Her dress was a light periwinkle and honestly looked like something out of a fairytale, as cliché as that probably sounded. There was no other way to describe it. He noticed Paige smile lightly as she looked around the room, and smirked when her eyes fell on his. Wes nodded towards her, and excused himself from his date, who didn’t mind as she went to get a glass of punch (NOT spiked, we’re not gonna get too high-school cliché here).
“You actually showed up,” Wes stated once he was finally in front of Paige. She looked at him, almost shyly. “You look great.”
“Thanks Wes-ticle,” she slyly said, making him glare at her for a moment for the embarassing nickname. “I figured I would see what it’s all about. You know, since it’s supposed to be one of those things I’m supposed to look back on for the rest of my life.” Wes couldn’t tell whether she was being sincere or not. “Kind of a last minute decision.”
“I’m sure you found that dress at the store right after we parted earlier,” he said sarcastically, not buying it. Paige just shrugged. “But regardless, now that you’re here, the real party can begin.”
Paige just laughed as Wes drug her out onto the dance floor. Before everything was silenced between them, and the two lost themselves in the music, Paige stated, “Here’s to the normality, for one of the last times.”
Wes had no idea what she meant by that, but decided not to question it, especially when at that exact moment, the DJ decided to turn the music up, blocking out any possible conversation.
***
When graduation came around, Wes saw Paige briefly before the ceremony and during. But afterwards, when he went to catch up with her, he couldn’t find her anywhere.
“Paige?” he yelled, looking around, when all of a sudden, the girl he had taken to prom, Roxy, showed up in front of him and gave him a hug in congrats. He smiled at her, momentarily distracted, but for just enough time to not see Paige stealthily sneak out of the high school’s auditorium.
***
Wes never saw Paige again after that. He asked his mother if she had heard from her, but to no avail. In fact, when he asked his mother again a week after graduation, it was almost as if Paige was a distant memory for her. To say Wes was confused would be an understatement.
It wasn’t until after Wes graduated college that he got the note. The note that made absolutely no sense but complete sense all the same.
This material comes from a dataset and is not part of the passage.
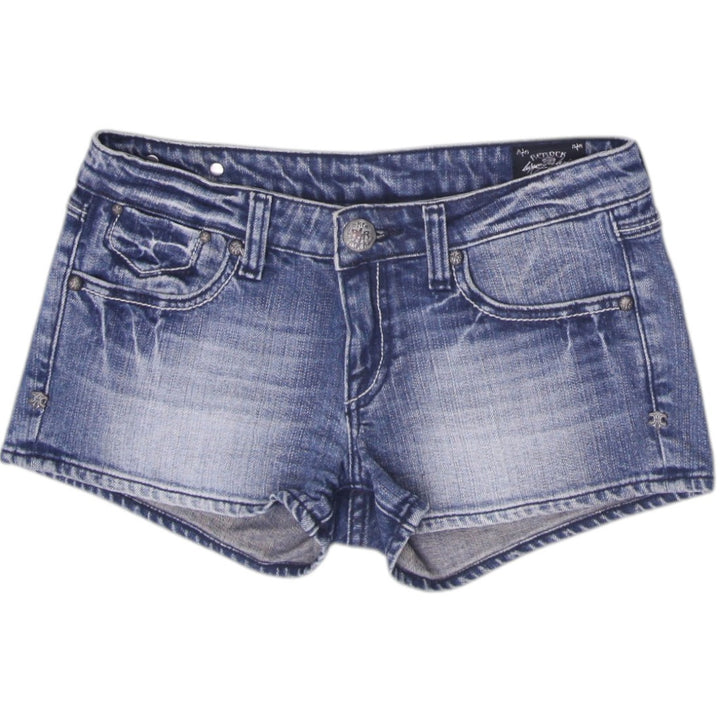 Y2K Ladies ReRock Distressed Low-Rise Denim Shorts Size 26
The story had been that Paige moved the west coast with her father in order to try and track down her mother. Why they would have waited so long, Wes did not understand, so he never believed the story.
And somehow, Paige knew he wouldn’t. But that didn’t mean he ever found out what happened to her. He simply had clarification on why she had ran away.
On his desk his fourth day into, at the social services agency he now worked for, was a note that simply stated the following:
“Never grow up. It’s a trap.”
And even though the note wasn’t signed, Wes somehow knew it was from Paige.